Transformative and generative in neural art

When I started experimenting with image processing using neural networks in September 2015, style transfer was the word of the day. Justin Johnson had just released his implementation called neural-style, which allowed applying the style of an image (style image) to another image (content image). Despite the name and the hype about the method, style transfer did not really understand style in a general sense, it simply detected features of color and texture in a single image, and recreated the content image to match these features. Thus, unfortunately, the term style transfer became associated with this limited method, instead of being understood as a generic term for analysing and producing a specific style.

For the next year or so, this limited style transfer dominated the neural art scene, and found its way into popular use with instant gratification apps like Prisma. The resulting proliferation of cliché looking images in social media contributed to style transfer getting a bad name among many who took AI art seriously.

Somewhere late 2016 generative adversarial networks (GANs) emerged to the scene and gradually became dominant. In principle, GAN is a technique used to train a generator (e.g. to generate totally new images resembling those used in training) by having another neural network to evaluate the whether the generated images are good enough. Both networks start from scratch and for the training to succeed, they have to learn gradually at the same pace.

The idea of the GAN is, thus, to train a generator which can create new images from scratch. You feed in a series of random numbers (usually called latent vector) and you get a new image. Therefore, it would appear that in contrast with style transfer, which is used to transform an image, GANs are generative. In general, the processes in neural can be divided into transformative (going from an image to another) and generative (generating new images from scratch).
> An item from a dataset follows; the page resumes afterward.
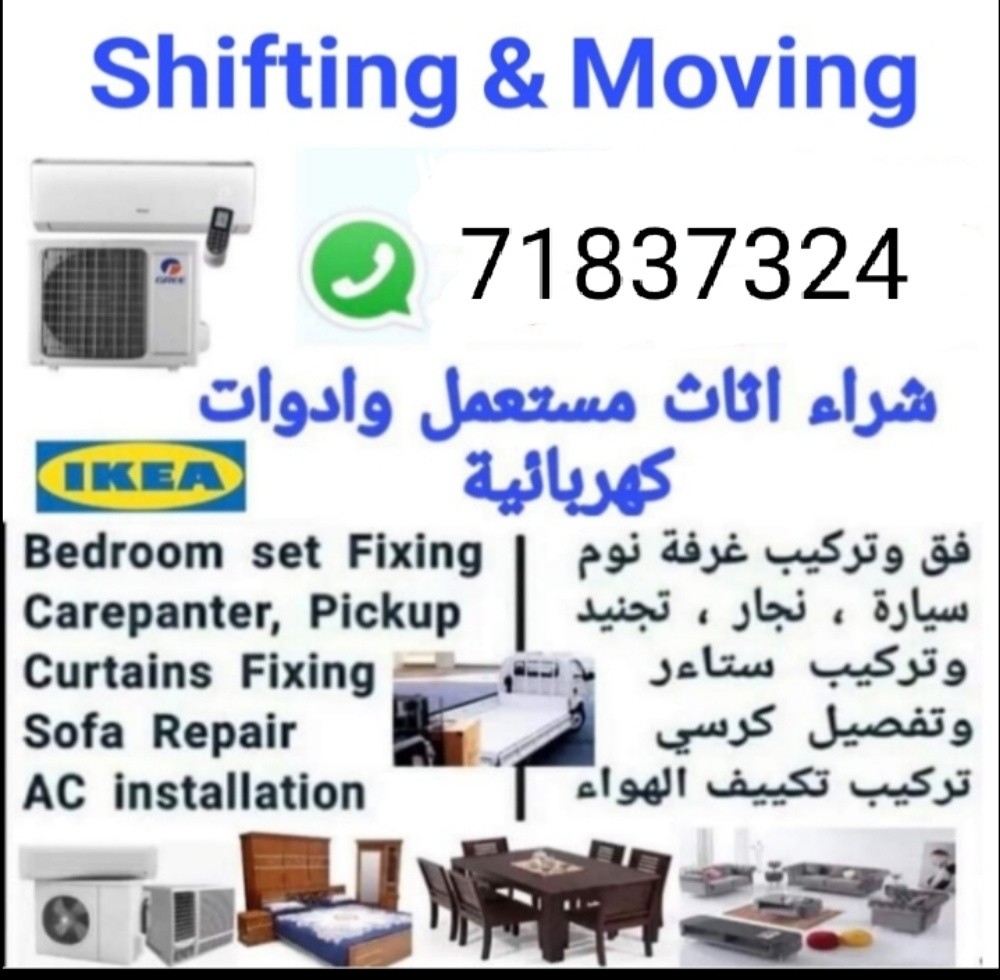 شراء اثاث بيت غرفة نوم وغرف اطفال - 1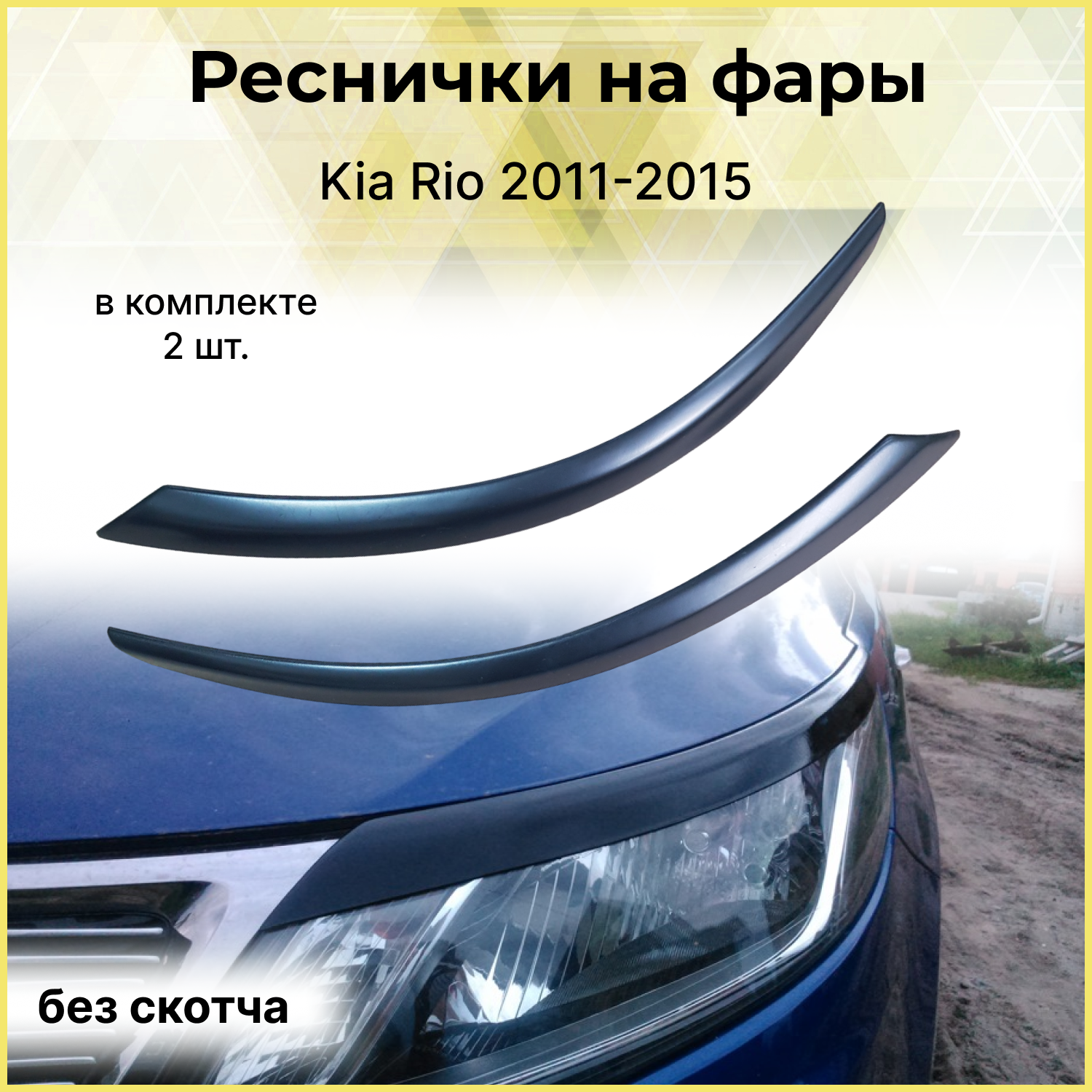 Реснички на фары для Kia Rio 2011-2015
It however turns out that many very successful GANs are in fact used transformatively: pix2pix learns a transformation from a set of image pairs, its further developments CycleGAN and BicycleGAN, and a recent, very promising project called famos. Much of my own work is based on pix2pix; in the NIPS online gallery, three of the four works are done with pix2pix. Often, I first reduce photos to woollen thread like contours, then train pix2pix to fill them again with colour. The resulting effect is, however, far from realistic.

In another method, I use a program to apply ”scratches” to photos, then train pix2pix to do the same, and again the resulting effect is different from the targets: the colour bleeds and blends in an interesting way.

In both cases, I use a GAN to apply a style without any style model, so it is not style transfer. Somehow the style is created in the process, perhaps due to the limitations and imperfections of training the GAN. The process is clearly transformative, not generative, as the resulting image retains enough of the original representation and it is not possible with this process to produce images out of scratch (no pun intended).

To recap, a transformative process is used to make a new image based on an existing one. A generative process produces images without any model or referent to represent, out of what it has learned and how it has been programmed.

There is a point to linking these categories to the intention of an artist. A transformation usually involves a human actor, and the act of transforming an image proceeds from her intention. On the other hand, the audience may not be able to say whether a work has been produced by transformation or generation. This is somewhat similar to the use of electronic musical instruments: the performer accustomed with an acoustic accordion tends to feel that the electronic accordion does not respond to her playing, while the listener notices nothing of this and may be fully satisfied with the music. The distinction between what and how may therefore be irrelevant to the audience, however crucial it may have been to the artist at work. My focus here, however, is mainly the viewpoint of the creative actor, for whom this distinction is and remains valid.

It seems to me that a process based on transformation places emphasis on expression, while a generative system involves exploration. In the first, an artist has the means for expression, in the second, one must enter into exploration, trying to find and select images which appear to make sense or appeal to the senses. This becomes very clear with BigGAN: you never know what you will get, you have to find out by exploring. They say there are more possible images there than atoms in the universe. On the other hand, after you have seen a lot of them, you’ll probably agree that they tend all to look alike regardless of what they represent.

We should not, however, equate generation with automation. It should be possible, at least in principle, to build an automated process of producing art based on transformation, which would capture images, transform and curate them. The essential difference thus is between a process based on an existing representation and a process of producing totally new ones. The disticntion between generative and transformative appears to remain valid also in case of artificial creative actors.